Hey Consumer Watchdog, It’s Only Ok If You Are a Republican? Get it?

Consumer Watchdog in Middle of Fight for Insurance Rate Regulation

by Brian Leubitz

Consumer Watchdog (CW) has more than its share of enemies.  While most normal Californians have very little idea who they are, the denizens of the Capitol are not really normal, are they? They have a pretty good idea of who they are.

They have enemies from the 2007 health care fight, where California ended up with no health care reform package, partly because the left didn’t want to be complicit with Gov. Schwarzenegger’s plan.  You see, fellow progressives, we are supposed to stand by while the “adults” do all the negotiating and then cheer when we get some scraps.  By adults I mean, the corporate right, the Tea Party, and the center-right Democrats.  So, you know, “serious” people.

It turns out that when CW helped out with blowing up that 2007 process, there were some hard feelings. And these things linger in Sacramento.  Of course, for Consumer Watchdog, it is hardly the first time they’ve pissed anybody off.

Fast forward to this year, when AB 52, health insurance rate regulation is up in the Senate. It ultimately fails, and Sen. Ed Hernandez, the chair of the Healthcare committee that ultimately passes it to the full Senate, catches some flack.  Hernandez didn’t ultimately support the bill in the full Senate, or at least he has said as much.  Consumer Watchdog then proceeded to put out a TV spot attacking Sen. Hernandez.

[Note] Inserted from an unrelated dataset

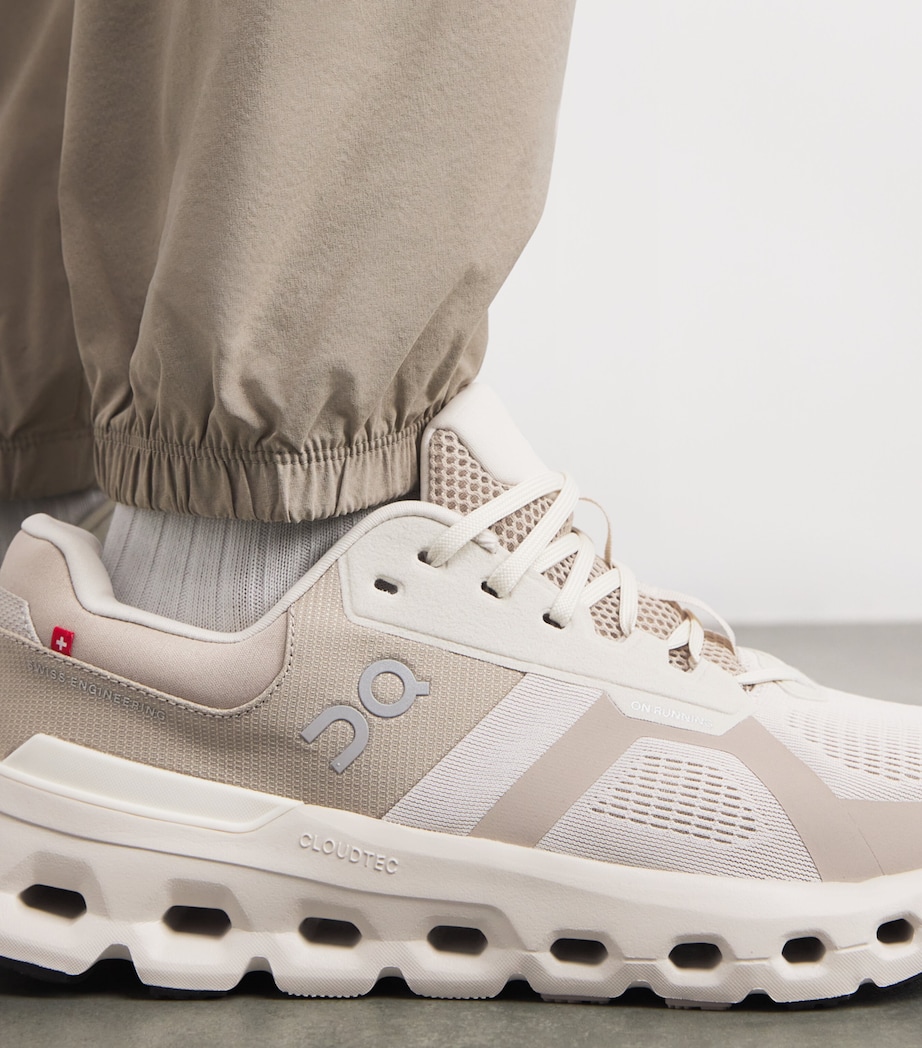 Cloudrunner 2 Trainers PEARL | DESERT Image 2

The spot was pretty hardhitting, and Asm. Feuer and IC Dave Jones have distanced themselves from it.  However, what is interesting now is that the focus doesn’t seem to be on the issue itself anymore, but rather that vague sense of transparency.  You see, like the Chamber of Commerce and other organizations, CW keeps some of their contributors private.

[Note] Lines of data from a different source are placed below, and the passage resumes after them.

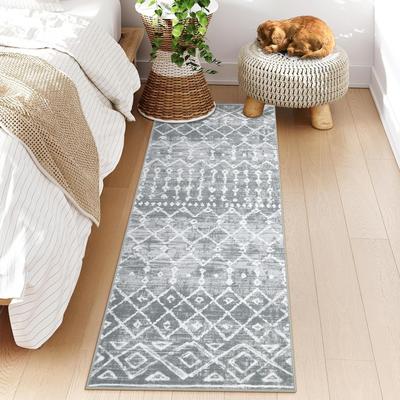 Garvee Washable Diamond Geometric Distressed Area Rug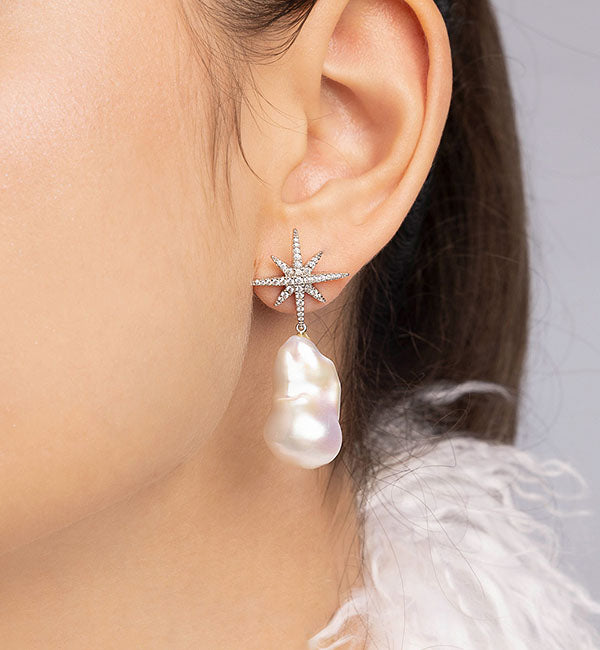 APM MONACO silver star-shaped earring with a pearl drop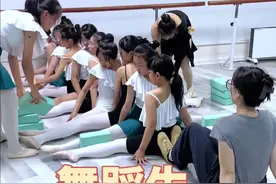 #每个舞蹈生都有一个难忘的瞬间 #舞蹈教师 #舞蹈的精髓是什么 #舞蹈生 #舞蹈生要有信念感 我们管这个软度体验叫做《叠罗汉》～你们呢？@抖音短视频视频封面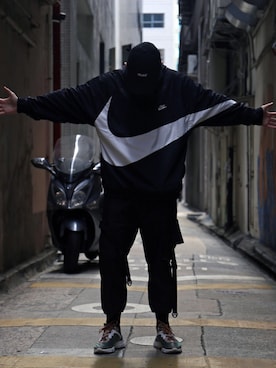 「NIKE(ナイキ)のアイテム(トレンチコート)」を使った、whitzzyさん(メンズ・176cm)の秋コーディネート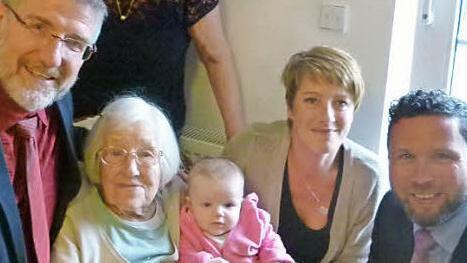 War das eine Überraschung, als Landrat Michael Busch (links) und Bürgermeister Martin Finzel (rechts) auftauchten, und Lotte Schardt (Mitte, mit Heidi Kaschny, hinten links, und Tanja Stöhr mit Nachwuchs, rechts) zum Geburtstag gratulierten. Foto: Lothar Weidner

Thornier than the fees is the disclosure of individual donors who fund Consumer Watchdog, It is  widely believed – and some within Consumer Watchdog have confirmed it over the years – that much of its money comes from the trial bar. The group receives individual donations from the public, money from foundations, money from settlements that go into affiliated foundations for education and outreach that provide money to the main group and money from labor and other groups.

But individually, just who gives what is not available, Court said, “the donors can get harassed by politicians because people like us run ads about their (the politicians’) conflict of interest,” he said. He said nondisclosure as a civil rights tool, much as nondisclosure was important to the NAACP to protect its donors.

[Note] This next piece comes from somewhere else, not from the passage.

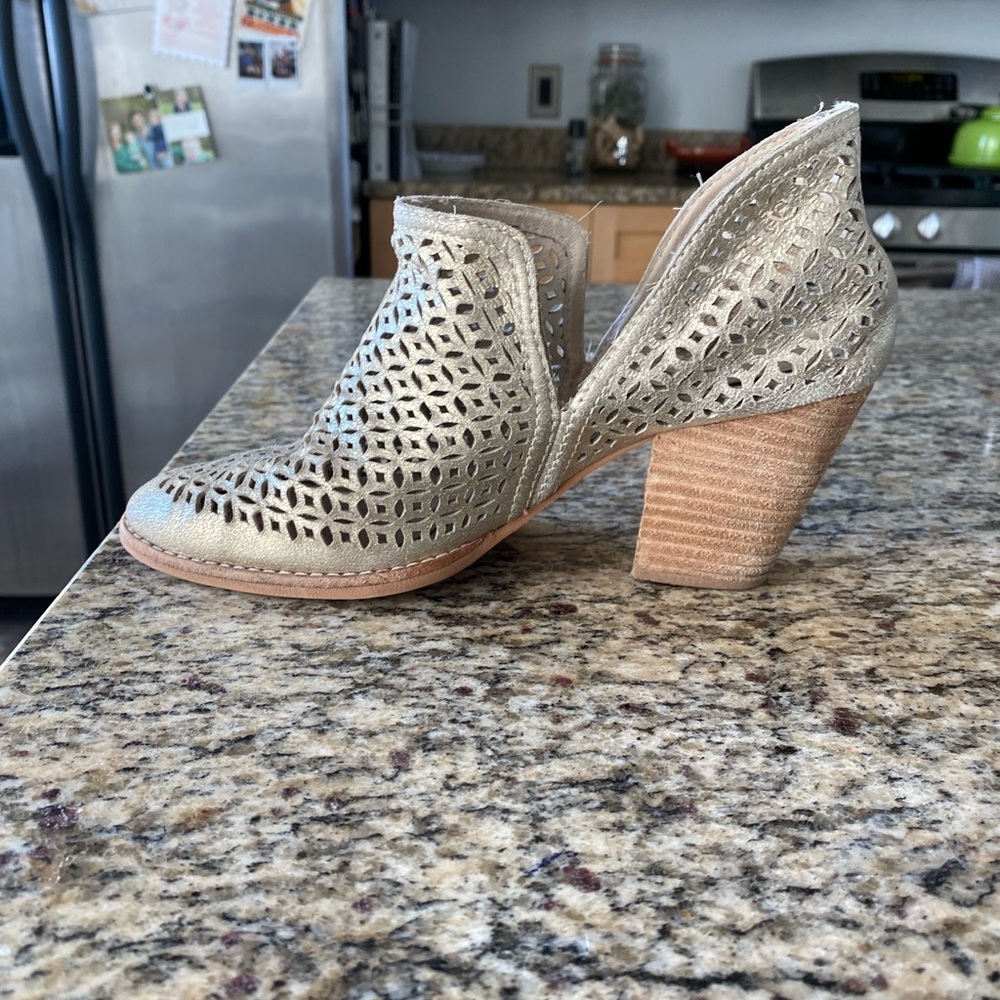 7.5 Jeffrey Campbell Gold Booties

But critics of Consumer Watchdog are not convinced, saying the group is hypocritical for not disclosing donors while demanding full disclosure from those it attacks.(Capitol Weekly)

Or, in other words, you can’t advocate for good government unless you are a perfect teacher’s pet. But if you are advocating for giveaways to corporations? Well, no need to tell us who you are working for. We sure they are all just “job creators” trying to …ummm…exploit labor to increase their own capital or something like that.  But hey, it’s capitalism…so that’s awesome!

Do we need some control over the funding of political? Yes, desperately. But the Left can’t be forced to give up the tools and play on a different playing field as the Right.

One thought on “Hey Consumer Watchdog, It’s Only Ok If You Are a Republican? Get it?”

  1. The reason Consumer Watchdog opposed the DEMOCRATIC health care bill in 2007 (the one supported by AFSCME, Health Access, AARP and just about every other progressive group) was because it was paid to do so. According to U.S. Department of Labor records, it received a $50,000 “donation” from the California Nurses Association.

    FPPC records now show that Consumer Watchdog has received $500,000 for its current attacks on AB 52.

    Let’s remember that Senator Hernandez is a progressive Democrat, with almost perfect scores from progressive groups. The acts were so outrageous that the bill’s sponsors and backers, Assemblyman Mike Feuer and Insurance Commissioner Dave Jones, tried to distance themselves from Consumer Watchdog’s action. For the record, Senator Hernandez voted FOR the bill to move it out of committee (where it could have died). Kaiser, which CW accused of him of helping, also was the main opponent of Senator Hernandez’s main bill (SB 703) to establish a basic health plan (another measure supported by progressive groups).

    The difference between what the right does and what Consumer Watchdog does is that Consumer Watchdog bills itself as a consumer group. Unlike Consumers Union and the Consumer Federation of California, Consumer Watchdog has no members and does nothing constructive to move pro-consumer legislation forward. All it does is collect special interest contributions for its work. It’s known as “pay to play,” and its bad on the left and right.

    Consumer Watchdog pays its founder more than $600,000 a year and he lives in a house worth nearly $2 million. Does that sound typical for those of us who work hard for progressive causes?

    It should also be pointed out that Consumer Watchdog opposed President Obama’s health care bill — legislation supported by nearly all progressive groups and Democrats.

    Consumer Watchdog gives progressive groups a bad name because of its actions and the way is funded. There’s no reason to defend them.